Esta concatenación de hechos que no se limita a la RGI ni mucho menos, está teniendo su correlato en otros servicios públicos y se extenderá a otros derechos sociales y políticas económicas, configurando una nueva visión de la realidad socioeconómica de Euskadi bajo lógicas mucho más neoliberales, más centradas en el mercado, en la competitividad y en el fomento de la responsabilidad individual. Parece real la tentación de las fuerzas hegemónicas de desplazar el paradigma de referencia rebajando las expectativas ciudadanas de igualdad de oportunidades, justicia social o redistribución de la riqueza desde un estado de bienestar –que hasta ahora se decía querer completar– hacia otro en el que se contempla únicamente el «parcheo» de los defectos de un mercado al que no se pueden poner trabas para que pueda ser competitivo en un contexto global. Es decir, dirigen el modelo socioeconómico vasco hacia uno más parecido a una economía social de mercado, aprovechando las propias reformas que llegan desde Madrid, pero también el propio marco competencial del que disponen las instituciones vascas. Un nuevo paradigma que no choca con el perfil democristiano y social del que presume Urkullu y que no es novedoso en el PNV, pues ya asistimos a una deriva similar en la década de los noventa.

Asimismo, estas nuevas políticas de alianzas –insospechadas para una buena parte de la ciudadanía vasca– y la revisión del modelo de desarrollo socioeconómico no son los únicos elementos que configuran este momento político. Hay dos piezas más: el proceso de construcción de paz y la actualización del autogobierno.

Nadie puede ni debe dudar de que el proceso de construcción de paz es una apuesta sincera en favor de un sueño largamente deseado por la inmensa mayoría de la sociedad vasca. Una justa esperanza que es la base democrática imprescindible para todo proyecto político, tanto para el del PNV-PP-PSE como el de Elkarrekin Podemos. Por lo tanto no solo no es objetable ni política ni éticamente, sino algo que debemos preservar, cuidar y empujar. Porque aunque hoy es un elemento que acompaña ese cierre por arriba dándole visos de ser integral, también lo es que es igualmente compatible con un proceso de apertura por abajo.
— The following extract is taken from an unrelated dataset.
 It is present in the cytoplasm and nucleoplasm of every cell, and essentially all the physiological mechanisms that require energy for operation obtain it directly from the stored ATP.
Consideración distinta merece, sin embargo, una actualización del autogobierno que, en principio, se quiere materializar a toda velocidad en un nuevo estatuto. Un estatuto que está planteado en términos de hacer algún reconocimiento de carácter nacional en el preámbulo, al tiempo que se logra alguna competencia más o el blindaje de alguna de las ya existentes en un marco de bilateralidad. El nuevo estatuto, de llevarse a cabo en estos términos, no dibuja un nuevo horizonte político compartido por una amplia mayoría plural y transversal. Se trata de un ajuste a la medida de su impulsor, el PNV, fácilmente digerible por PP y PSE a pesar de sus aparentes reticencias y que busca cimentar durante un largo período de tiempo el actual estado de las cosas, especialmente en lo relativo a la arquitectura institucional interna vasca. En este proceso de reforma estatutaria la participación ciudadana quedará relegada a una consulta o a algún proceso participativo testimonial. La reforma empieza y termina en sede parlamentaria sin visos de que pueda ser algo diferente a lo que la mayoría parlamentaria existente ya tiene prefijado. Sin visos, en definitiva, de que estemos ante una renovación del pacto social.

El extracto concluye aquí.